Music of Princes

Apparently the writer Paul Bowles left behind a treasure trove of reel-to-reel-tapes he made of native Moroccan music, including the sounds of Tangier at dawn as the city started to wake and come to prayer.

When a goose flies near enough for you to hear it it sounds like linen bedsheets are being snapped in order to take out the wrinkles, or a towel so large it takes two people to fold.

The average number of words in a sentence constructed by Henry James is thirty-five, enough time for a reader to take up residence in it.

I once knew a man who was making a list of the things he couldn't listen to. The sound of geese flying didn't make the list, but the sound of the German woman who lived next-door and screamed at her children did. When her screaming got to him he'd take long trips to the countryside, wander around under the redwoods for some peace and quiet.
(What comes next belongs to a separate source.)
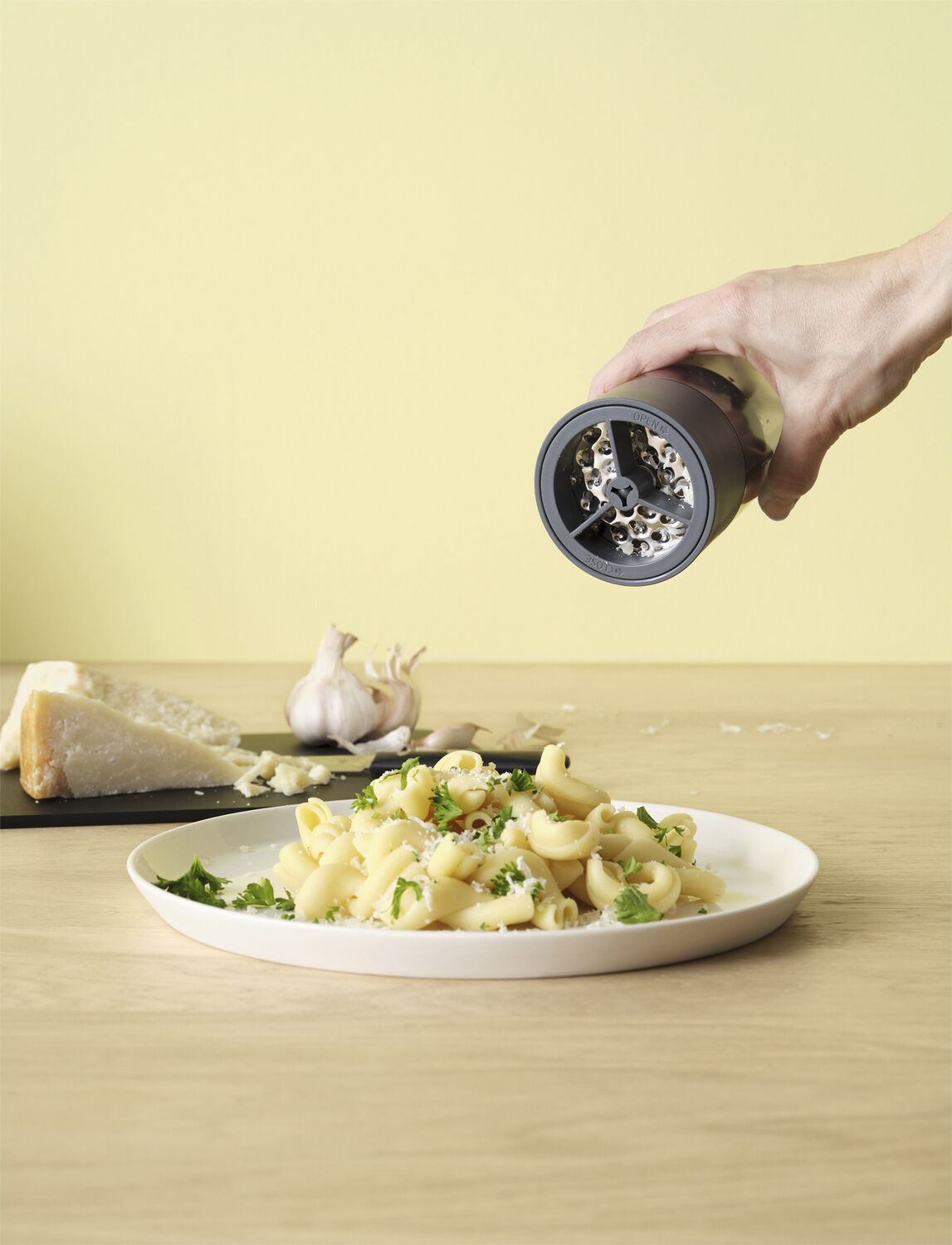 CHEESE-IT parmesankvern grey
While he was gone phone calls piled up on his answering machine, but he swore he only listened to the erased messages.

I'm sorry now that I didn't know the music of Prince, though it's just like me not to have known it; I was absent from his life and he was absent from mine. I stayed true to myself this way, by not knowing his music, as he stayed true to his own life, making music that didn't matter whether I heard it or not. Not having heard Prince's music, I heard instead the music of his absence, how much he meant to people who had heard it and how much they would miss him.

A guy like Prince could be the kind of guy who shows up to watch his own funeral, like Huck Finn.